*Stored data*.
§

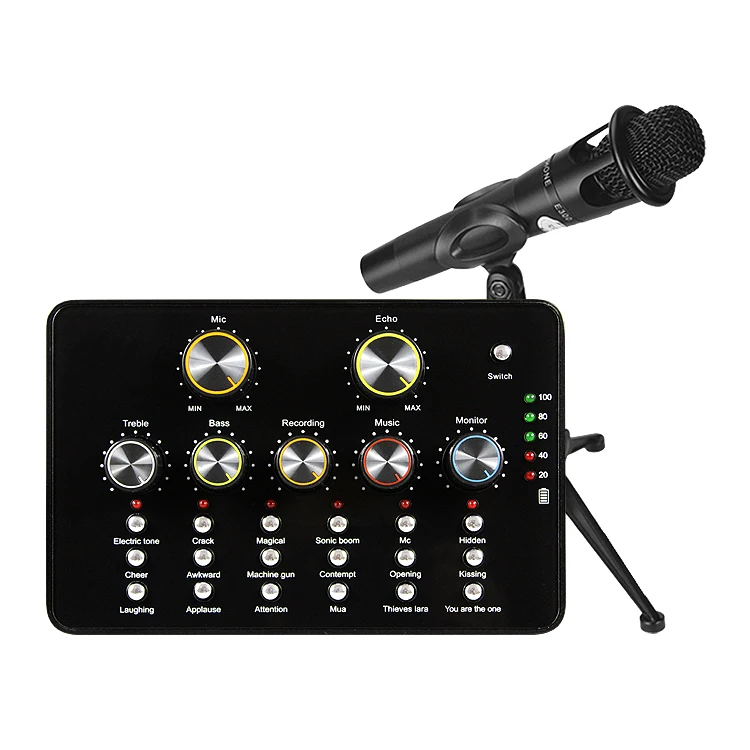 

Professional V10 Sound Card For Studio Recording Condenser Microphone With Tripod Stand For Live broadcast Singing Mobile Phone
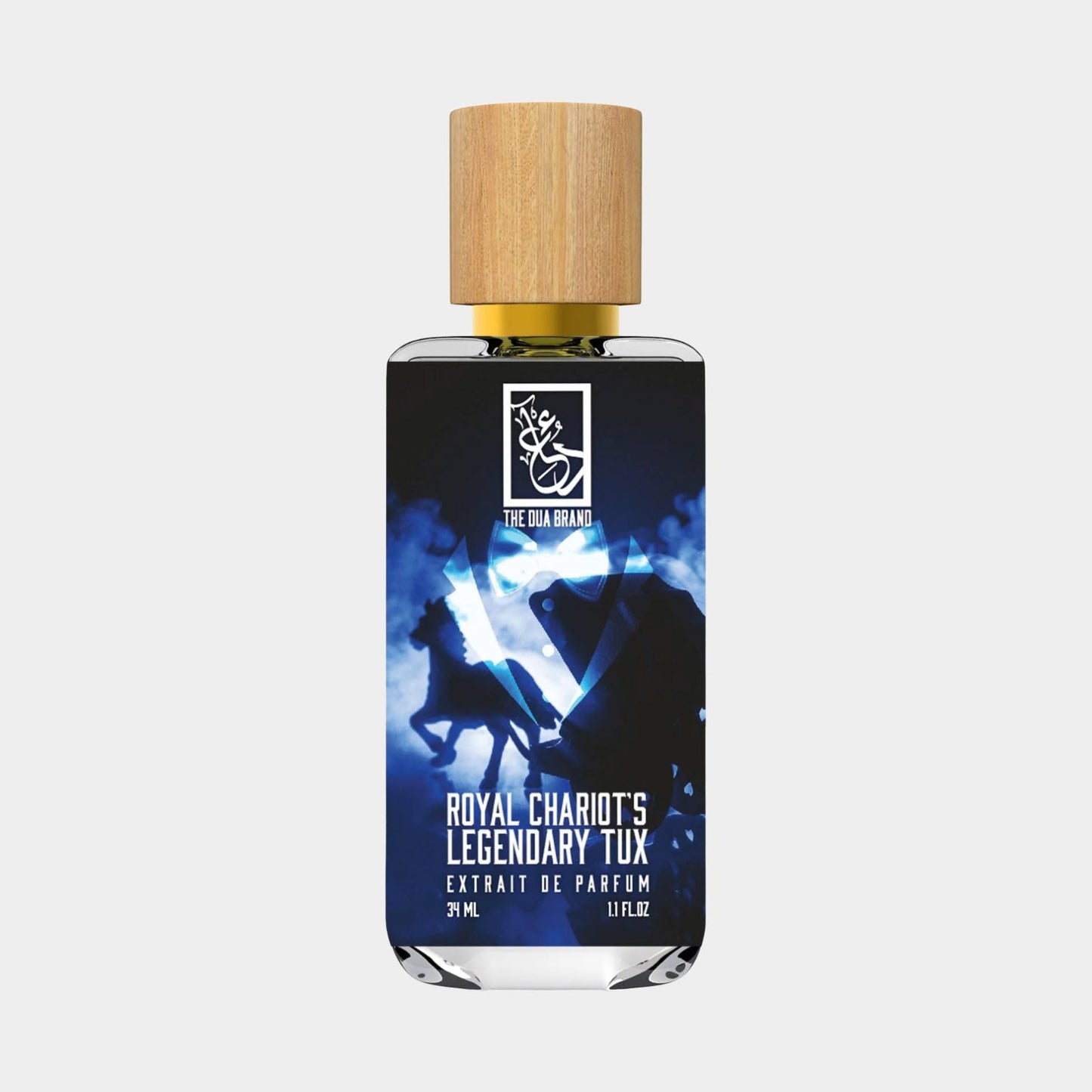 Dua Royal Chariots Legendary Tux Sample, a 39 ml bottle featuring a sleek design with a wooden cap and a bold label showcasing dark, dynamic imagery.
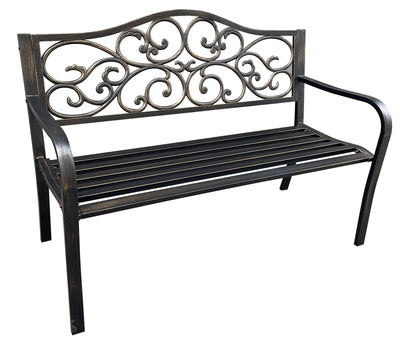 Fraser Country Outdoor Metal Garden Bench with Floral Design - Bronze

§

*Task brief*. Word-for-word repeat, images excluded: return all the data.

*Expected answer*.
Professional V10 Sound Card For Studio Recording Condenser Microphone With Tripod Stand For Live broadcast Singing Mobile Phone
 Dua Royal Chariots Legendary Tux Sample, a 39 ml bottle featuring a sleek design with a wooden cap and a bold label showcasing dark, dynamic imagery.
 Fraser Country Outdoor Metal Garden Bench with Floral Design - Bronze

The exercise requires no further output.